Monica Cannon-Grant was sentenced Thursday to four years of probation and six months of home detention.
Monica Cannon-Grant was sentenced Thursday to four years of probation and six months of home detention. Pat Greenhouse/The Boston Globe

Monica Cannon-Grant, the founder and former CEO of the Violence in Boston nonprofit (VIB), was sentenced to probation and house arrest Thursday after she pleaded guilty last year to over a dozen fraud-related charges, federal prosecutors announced.

Cannon-Grant, 44, of Taunton, was sentenced in federal court Thursday to four years of probation, six months of home detention, and 100 hours of community service, the U.S. Attorney’s Office for the District of Massachusetts said in a statement. She will also pay $106,003 in restitution and forfeit an additional amount that has yet to be determined.

In September 2025, Cannon-Grant pleaded guilty to 18 charges, including 10 counts of wire fraud, three counts of wire fraud conspiracy, one count of mail fraud, two counts of filing false tax returns, and two counts of failing to file tax returns. She and her late husband, Clark Grant, were first charged in an 18-count indictment in March 2022, which was revised to a 27-count indictment in March 2023.

Two months later, Clark Grant was killed in a motorcycle crash in Easton. The charges against him were subsequently dismissed.

Cannon-Grant formally established VIB in 2017 to “reduce violence, raise social awareness and aid community causes in Greater Boston,” according to federal prosecutors. She served as CEO, while Clark Grant was a founding director.

Through fundraising, Cannon-Grant and her husband raised more than $1 million. In July 2022, VIB was shut down amid the fraud charges.

From 2017 until at least 2020, the couple used thousands of dollars in VIB donations to pay for personal expenditures, including hotels, travel, gas, restaurants, food deliveries, and nail salons. Cannon-Grant later conspired to use the nonprofit to defraud the Boston Resiliency Fund, a COVID-19 pandemic relief fund established by the City of Boston, according to the U.S. Attorney’s Office.
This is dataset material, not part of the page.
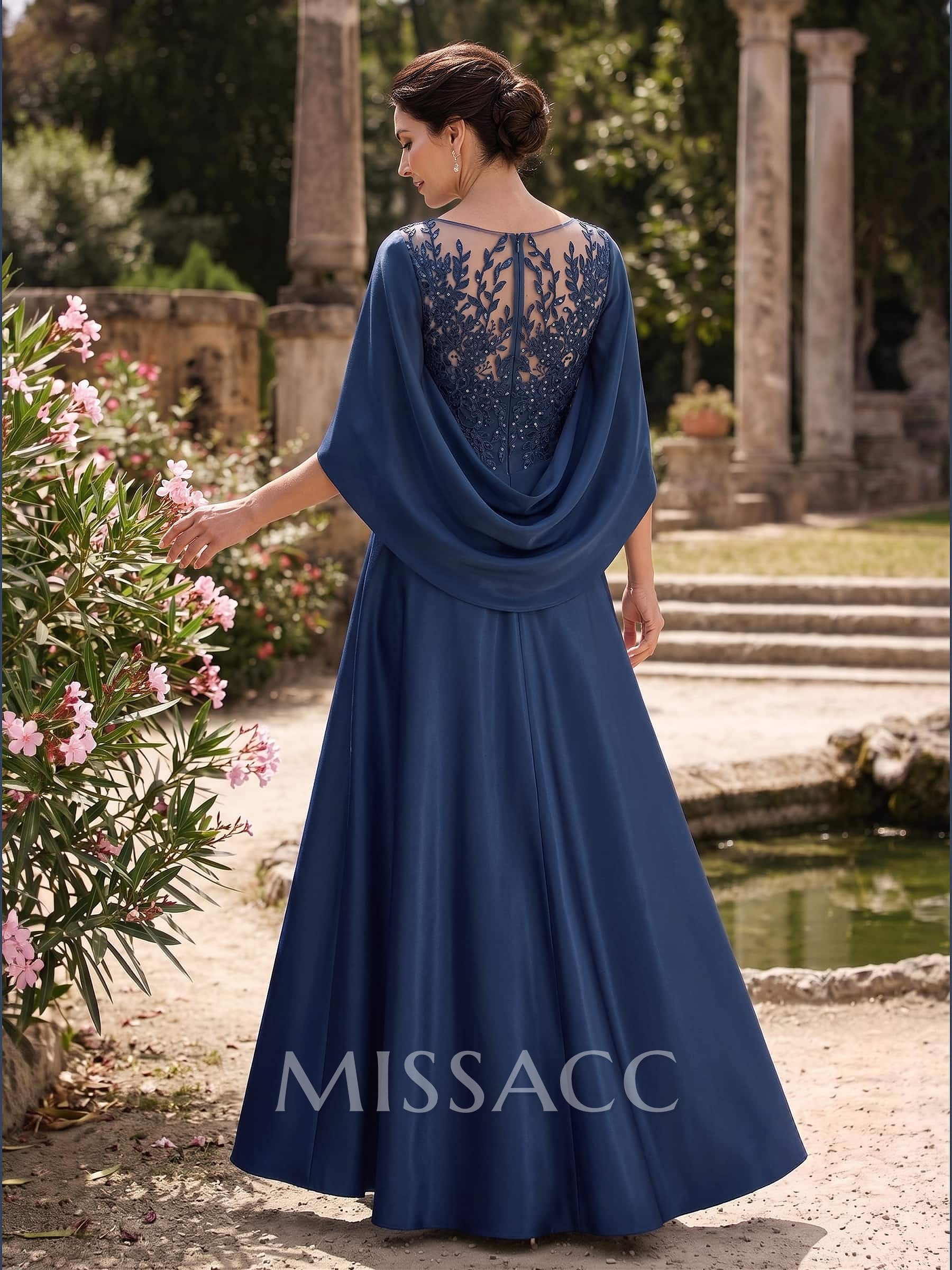 A-Line Scoop Neck Cape Sleeves Floor-Length Satin Mother Of The Bride Dresses With Appliques Lace/Overskirt Dress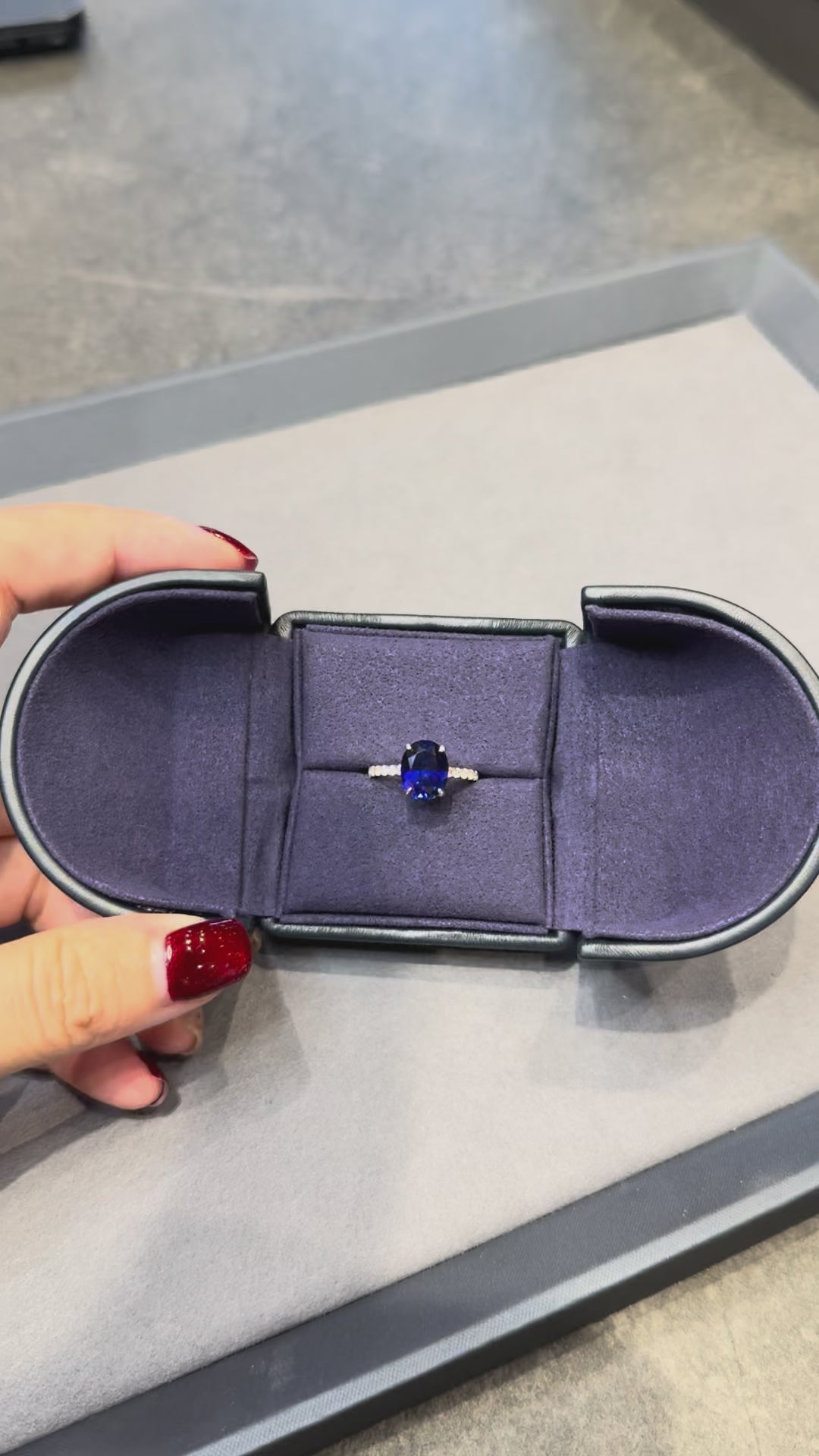Oval Lab Grown Blue Sapphire Ring 3.5ct 7x9mm 925 Silver 18K Gold Plated Halo Statement Ring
After she received $53,977 in relief funds, Cannon-Grant withdrew $30,000 in cash from the VIB bank account, deposited a total of $6,200 into her personal checking account, and made payments to her car insurance policy and auto loan. She then lied about these personal expenses to the city and falsely reported that the relief funds were appropriately spent, the U.S. Attorney’s Office said.

The couple also committed fraud against the city’s Office of Housing Stability by misrepresenting their household income to receive $12,600 in rental assistance. They also submitted false applications for pandemic unemployment assistance, prosecutors said.

Cannon-Grant faced further tax charges for falsifying her 2017 and 2018 tax returns and failing to file her 2019 and 2020 tax returns, according to prosecutors. She omitted tens of thousands in income that she had received through her work at VIB and as a consultant.

The former community organizer rose to prominence in 2020 when she led some of Boston’s largest social justice rallies and donated food to the public following the murder of George Floyd. Before the nonprofit was shut down, the city and the Suffolk County District Attorney’s Office both donated to it.

Cannon-Grant’s trial was scheduled to begin Oct. 14, 2025 before she filed a notice to plead guilty the month before. If convicted, she could have faced decades in prison and hundreds of thousands of dollars’ worth of fines.

“Monica Cannon-Grant’s crimes were not a momentary lapse in judgment — they were a calculated pattern of deception that spanned years,” U. S. Attorney Leah B. Foley said in the statement. “She repeatedly lied to donors, government agencies, and the public, even after being caught — all while presenting herself as a champion for others. Fraud disguised as activism or charity is still fraud.”